For Kenadi, who attends a predominantly white school, the conversation filled gaps she had long felt but could not name.
“In my school, we don’t really talk about a lot of what happened,” she said. “They try and shelter us and not talk about it. So I was really glad to hear it, and I thought it was different. I learned some things that I’ve never heard before.”
Standing among exhibits that document segregation, voter suppression, and grassroots organizing, students were asked to confront how recent that history truly is.
“Knowing what he went through when he was my age,” Kenadi said, “and knowing that I don’t have to go through that anymore, it just makes the day meaningful.”
A room full of voices
Following the museum tour and Watkins’ talk, students gathered for facilitated discussions focused on racial healing, identity, and lived experience. Youth from the Neshoba County Youth Coalition were joined by students from Piney Woods School, creating a space that reflected a wide range of backgrounds and perspectives.
Families were present as well. Mothers and younger children filled the room, listening closely and engaging with curiosity and excitement. The atmosphere was attentive and open.
“They asked us actual questions,” Kenadi said. “They were very real and very truthful.”

For many students, that honesty was rare.
“A lot of kids that go to my school, they’re not able to speak up and talk about things that go on in their life,” she said. “But in the group, it was a safe space. I felt like I could actually say what I wanted to say and not be judged.”
The conversations were not about rehearsed answers or perfect language. They were about being heard.
“It’s okay to be myself,” Kenadi said. “Sometimes I’ll have good days and bad days, but I’m who I am, and that’s okay.”
Understanding opportunity and inequality
For Kendra Lyn Houston, 17, the day prompted reflection on opportunity and inequity in Mississippi today.
“There are a lot of underfunded schools in Mississippi, especially majority-Black schools,” she said. “I don’t go to one of those schools, but I often think about them.”
Kendra attends a diverse school with strong academic resources. Hearing Watkins’ firsthand account and walking through the museum sharpened her awareness of how uneven access still shapes young people’s lives.
“We have more opportunities now than people did in the past,” she said. “And that’s a good thing.”
Learning about Dr. King’s life resonated personally.
“I say I’m pretty ambitious,” Kendra said. “I’m pretty passionate about what I believe.”
Why youth presence matters
Organizers were intentional about centering young people throughout the day.
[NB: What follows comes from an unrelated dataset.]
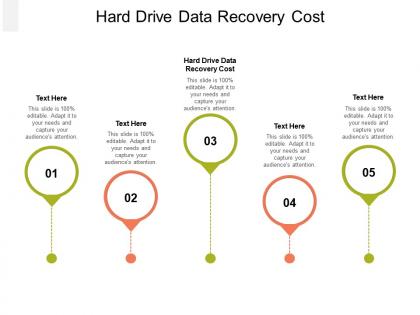 Hard drive data recovery cost ppt powerpoint presentation professional visuals cpb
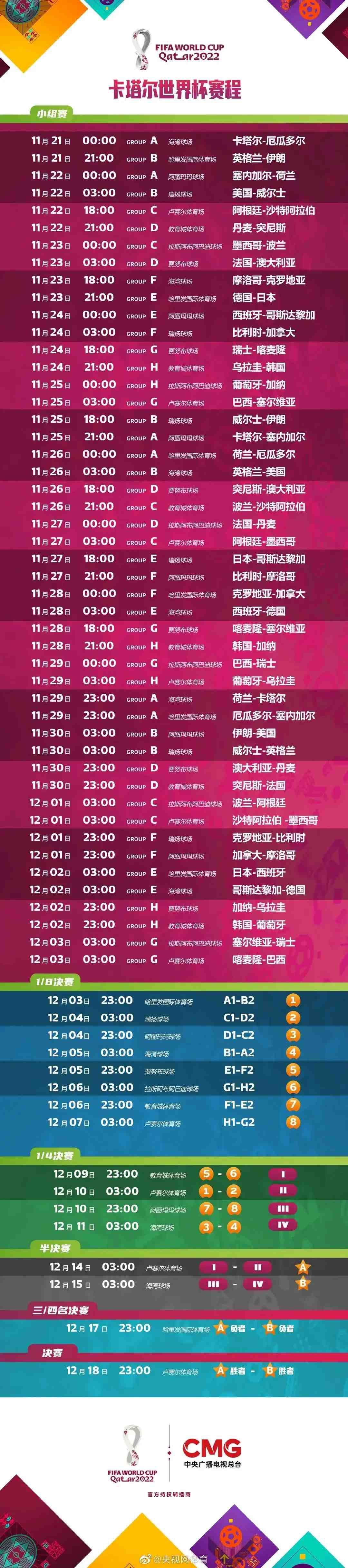 半场战罢，阿森纳暂1-0埃因霍温；下半场，维特森破门扳平比分,加布里埃尔破门被吹！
“Young people played a major role during the civil rights movement,” said Cassio Batteast, Vice President of Programs at the Foundation for the Mid South. “MLK Day gives them a chance to serve their communities and see how they can be part of changing conditions for Mississippi.”

For Derykah Watts, Program Associate at the Foundation, connecting students with living history was just as important as the service projects themselves.
“This history isn’t ancient,” Watts said. “When young people hear it directly and get to ask questions, you can almost see the lightbulbs turn on. They’re curious. They’re engaged. They want to be here.”
A day that carries forward
As the MLK Day of Service ended, students filtered out of the museum carrying more than facts or timelines. They carried perspective.
For some, it was the first time hearing civil rights history directly from someone who lived it. For others, it was the first time sitting in a space where their voice mattered as much as their presence.
Asked what she would want other kids her age to know, Timonae did not hesitate.
“Just be yourself,” she said. “You don’t have to be somebody else. If you just be yourself, you can do anything you want to do.”
At the Two Mississippi Museums, young people began the day serving their city. They ended it standing inside Mississippi’s story, reminded that they are not too young to carry the work forward.